Monkeypox is suddenly on everyone’s radar, having gone from a handful of cases outside of the area where it is endemic to over 1,600 cases in mere weeks. Given the horrors that COVID brought, it is hardly surprising that people are wondering if this is another pandemic in the making.
Monkeypox, despite its name, is more commonly found in rodents and squirrels in west and central Africa. Why, people have asked, is it spreading in areas where there is no natural animal reservoir? Has the virus mutated to become more efficient at spreading from human to human?
Of course, we are all too familiar with variants that SARS-CoV-2 (the virus that causes COVID) has spawned: alpha, beta, gamma, delta, omicron – not to mention the sub-variants. So what’s to stop a virus that was once more at home in the tropics from adapting to new environments or becoming better at spreading?
A key difference between monkeypox and coronavirus is that the former is a DNA virus and the latter an RNA virus. In short, RNA viruses make more mistakes in their genetic code when replicating than DNA viruses.

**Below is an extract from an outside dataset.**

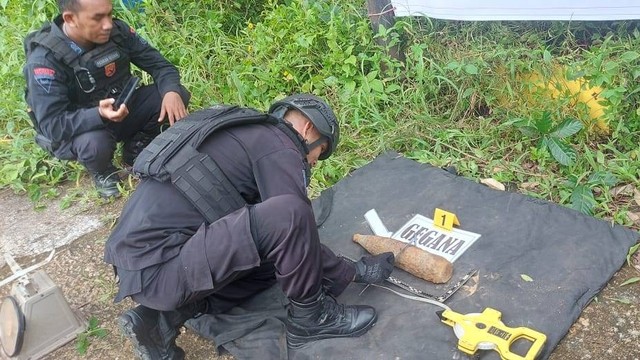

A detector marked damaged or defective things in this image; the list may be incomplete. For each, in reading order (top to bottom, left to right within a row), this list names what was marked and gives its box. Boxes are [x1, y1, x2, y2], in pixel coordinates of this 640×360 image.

rusty cylindrical object [352, 233, 452, 284]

More mistakes mean more mutations, and hence more chance to come up with a new design that is better (more “fit” in a Darwinian sense) than the older version that spawned it. (Of course, many new variants are less adapted to their environment and so fizzle out without us even knowing they existed.)
DNA viruses such as monkeypox are more stable. They are able to “proof read” their genomes, so mistakes (read: variants) are more often spotted. This doesn’t mean DNA viruses can’t change at all, but that the likelihood of any changes is less than with RNA viruses.

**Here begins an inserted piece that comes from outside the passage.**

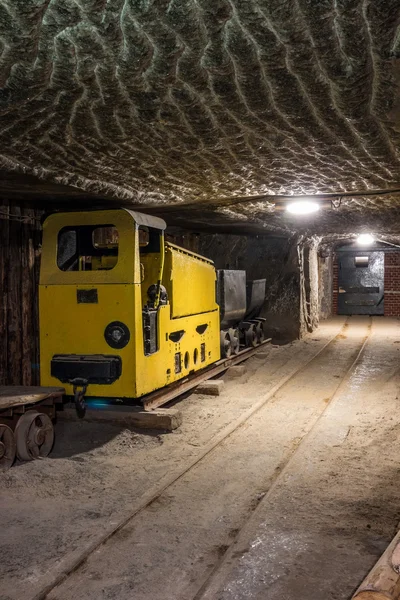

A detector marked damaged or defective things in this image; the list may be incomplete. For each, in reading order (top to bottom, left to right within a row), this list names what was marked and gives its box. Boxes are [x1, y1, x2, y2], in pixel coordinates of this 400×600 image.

rusty trolley wheel [0, 424, 16, 472]
rusty trolley wheel [14, 410, 54, 462]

Poxviruses that can infect humans include smallpox (now extinct in the wild thanks to vaccines), cowpox, molluscum contagiosum and monkeypox, but not chickenpox, which is neither a pox virus nor found in chickens. They are a remarkably stable group of viruses that cause characteristic pustules – “pox” being from the Old English “pocc” meaning pustule, blister or ulcer.
Not the usual symptoms
With any virus, particularly those that only infect a few people each year, it is difficult to know the full extent of symptoms. With the increase of cases, we are starting to see what we would term “atypical presentations” of the virus. This means that people are not displaying the typical pustules covering the entire body. Instead, we are seeing small sores in the areas of contact with infected people.
This atypical presentation is probably not due to significant changes in the virus, as a genetic sequence of the virus from a patient in Portugal did not find significant changes in the virus compared with previous outbreaks in 2018 and 2019. Instead, the atypical presentation is probably because we are seeing many more infections and therefore a wider range of symptoms.
One other possible reason for the change is that the strain (called a “clade”) of monkeypox (west African) currently circulating in non-endemic countries tends to produce milder infections than the central African strain.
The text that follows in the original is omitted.